“Yes, but he doesn’t look to me like a thief. It may be, after all, that we are doing less business.”
“Yes, sir; that’s very likely,” responded Benton, glad that his employer was disposed to regard the matter from this point of view.
“I don’t like to think that any one in my employ would rob me.”
“Very true, sir. It would be a great shame.”
“It’s all right!” thought Benton complacently. “It is better so. I don’t care to have the boy discharged. Some one might succeed him whom I couldn’t hoodwink so easily.”
CHAPTER XX.
BENTON IS TRAPPED.
Judging that his employer’s suspicions were allayed, Benton ventured to take two five-dollar bills from the till before he went out in the evening. Currency was at that time mixed, and bills, as well as gold and silver, were in circulation.

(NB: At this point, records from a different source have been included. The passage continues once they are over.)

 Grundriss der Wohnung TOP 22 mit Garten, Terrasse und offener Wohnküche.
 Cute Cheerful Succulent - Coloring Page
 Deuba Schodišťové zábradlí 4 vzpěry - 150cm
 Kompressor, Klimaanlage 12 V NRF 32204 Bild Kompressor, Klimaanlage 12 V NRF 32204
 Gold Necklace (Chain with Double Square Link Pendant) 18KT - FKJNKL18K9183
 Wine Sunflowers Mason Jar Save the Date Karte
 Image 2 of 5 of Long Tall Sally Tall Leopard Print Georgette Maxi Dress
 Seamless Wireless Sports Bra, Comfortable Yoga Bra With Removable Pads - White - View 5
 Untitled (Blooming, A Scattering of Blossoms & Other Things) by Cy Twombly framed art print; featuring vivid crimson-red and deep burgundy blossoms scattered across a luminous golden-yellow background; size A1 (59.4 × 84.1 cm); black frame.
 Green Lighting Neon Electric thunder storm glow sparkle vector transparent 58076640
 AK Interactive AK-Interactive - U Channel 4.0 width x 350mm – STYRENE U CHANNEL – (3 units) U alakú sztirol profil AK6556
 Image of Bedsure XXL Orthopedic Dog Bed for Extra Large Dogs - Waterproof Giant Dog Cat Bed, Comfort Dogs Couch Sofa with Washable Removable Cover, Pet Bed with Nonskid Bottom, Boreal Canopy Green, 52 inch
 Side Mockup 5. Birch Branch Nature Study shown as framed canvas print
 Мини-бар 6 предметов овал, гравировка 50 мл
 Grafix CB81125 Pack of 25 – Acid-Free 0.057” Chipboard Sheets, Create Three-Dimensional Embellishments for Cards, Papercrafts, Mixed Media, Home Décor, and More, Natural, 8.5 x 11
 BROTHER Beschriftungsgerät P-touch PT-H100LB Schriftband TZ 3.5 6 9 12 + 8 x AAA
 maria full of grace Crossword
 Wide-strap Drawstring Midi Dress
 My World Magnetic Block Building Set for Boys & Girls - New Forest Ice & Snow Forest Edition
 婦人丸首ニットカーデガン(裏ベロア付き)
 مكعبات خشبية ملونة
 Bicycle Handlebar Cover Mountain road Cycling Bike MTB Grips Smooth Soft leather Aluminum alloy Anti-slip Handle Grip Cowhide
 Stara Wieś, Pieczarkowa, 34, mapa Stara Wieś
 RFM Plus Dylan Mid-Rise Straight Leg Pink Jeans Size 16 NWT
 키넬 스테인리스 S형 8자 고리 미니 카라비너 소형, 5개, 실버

He left the restaurant at the usual time. It so happened that Grant had something to do and did not go out with him. Benton, therefore, went at once to the gambling-house which he was in the habit of frequenting.
“I’m getting tired of being cooped up in the restaurant day after day,” he said impatiently. “Why can’t I make a strike? If I could scoop in four hundred dollars to-night I would leave Sacramento and go to the mines. Then I might strike it rich and carry home ten thousand dollars, as Grant’s friend did.”
Grant had told him the story of John Heywood’s good fortune, and it had impressed him.